We spreken niet alleen over veel verplaatsingen, met ruim 45 wagens telt de vloot van beide zorgorganisaties ook gewoon veel voertuigen. “Denk aan wagens voor management, technische dienst, preventiedienst, kwaliteitspartners en anderen die vanuit een centrale rol de verschillende locaties ondersteunen. Zij rijden voortaan elektrisch of hybride”, aldus Verleyen. “Ook onze mobiele verpleegkundigen ‘Nurses On Wheels’ hebben sinds kort een elektrische bedrijfswagen om tussen de campussen te pendelen.”

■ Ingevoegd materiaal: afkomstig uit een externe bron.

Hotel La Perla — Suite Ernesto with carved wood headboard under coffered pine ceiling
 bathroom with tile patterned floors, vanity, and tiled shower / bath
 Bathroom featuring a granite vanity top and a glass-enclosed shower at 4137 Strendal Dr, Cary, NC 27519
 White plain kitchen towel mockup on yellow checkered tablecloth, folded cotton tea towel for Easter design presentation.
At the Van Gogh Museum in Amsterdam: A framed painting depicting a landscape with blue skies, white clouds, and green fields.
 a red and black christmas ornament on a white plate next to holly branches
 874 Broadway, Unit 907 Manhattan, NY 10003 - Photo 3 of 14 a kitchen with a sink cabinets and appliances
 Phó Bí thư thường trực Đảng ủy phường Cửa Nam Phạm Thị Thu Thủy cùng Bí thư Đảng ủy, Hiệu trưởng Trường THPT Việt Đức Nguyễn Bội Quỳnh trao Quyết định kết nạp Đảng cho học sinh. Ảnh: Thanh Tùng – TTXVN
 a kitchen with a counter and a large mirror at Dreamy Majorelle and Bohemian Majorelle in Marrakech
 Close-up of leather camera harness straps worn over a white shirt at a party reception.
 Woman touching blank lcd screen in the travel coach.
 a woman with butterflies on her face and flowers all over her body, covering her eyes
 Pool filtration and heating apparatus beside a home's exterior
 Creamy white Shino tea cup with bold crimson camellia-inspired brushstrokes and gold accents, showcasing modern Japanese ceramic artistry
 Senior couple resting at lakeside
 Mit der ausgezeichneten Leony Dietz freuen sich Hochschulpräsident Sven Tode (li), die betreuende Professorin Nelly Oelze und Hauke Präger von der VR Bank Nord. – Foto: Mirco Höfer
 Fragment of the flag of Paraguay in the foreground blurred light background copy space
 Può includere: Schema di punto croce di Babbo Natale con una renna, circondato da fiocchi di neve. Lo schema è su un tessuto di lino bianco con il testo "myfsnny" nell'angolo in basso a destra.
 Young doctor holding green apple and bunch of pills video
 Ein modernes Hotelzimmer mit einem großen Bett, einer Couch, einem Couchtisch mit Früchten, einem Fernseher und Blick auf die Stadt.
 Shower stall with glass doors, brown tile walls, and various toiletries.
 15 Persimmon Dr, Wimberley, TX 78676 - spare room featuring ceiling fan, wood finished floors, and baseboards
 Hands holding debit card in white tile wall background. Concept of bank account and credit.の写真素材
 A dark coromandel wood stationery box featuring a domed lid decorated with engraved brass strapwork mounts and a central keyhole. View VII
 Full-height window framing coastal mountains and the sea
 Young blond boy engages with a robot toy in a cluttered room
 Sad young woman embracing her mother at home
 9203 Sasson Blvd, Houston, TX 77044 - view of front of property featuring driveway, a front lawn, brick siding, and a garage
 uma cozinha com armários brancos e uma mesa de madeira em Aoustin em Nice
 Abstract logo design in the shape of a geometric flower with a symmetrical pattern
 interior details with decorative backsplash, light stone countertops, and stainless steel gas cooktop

Kwaliteitscoördinatoren nemen de proef op de som
Om vlotter samen te werken, opereren de fusiepartners sinds januari in 4 regio’s. Elke regio heeft een kwaliteitscoördinator die zich regelmatig verplaatst naar de campussen in de regio en de centrale diensten. Begin deze maand mochten de coördinatoren een spiksplinternieuwe elektrische wagen ophalen. “Het is altijd fijn om met een nieuwe wagen te rijden, al is elektrisch rijden wel wat wennen”, vertelt kwaliteitscoördinator Gwenny Van de Putte. “Het vergde initieel wat aanpassing om de verplaatsingen af te stemmen op de autonomie van de batterij. Al gaat dat na enkele dagen meteen veel vlotter. Het laden zelf is heel gemakkelijk.” Om voldoende stroom aan te bieden, installeerde de groep laadpalen op de campussen. “Het is geruststellend om niet telkens naar een vrije externe laadpaal op zoek te moeten gaan”, waardeert Van de Putte. “Onze werkgever maakt het ons gemakkelijk.”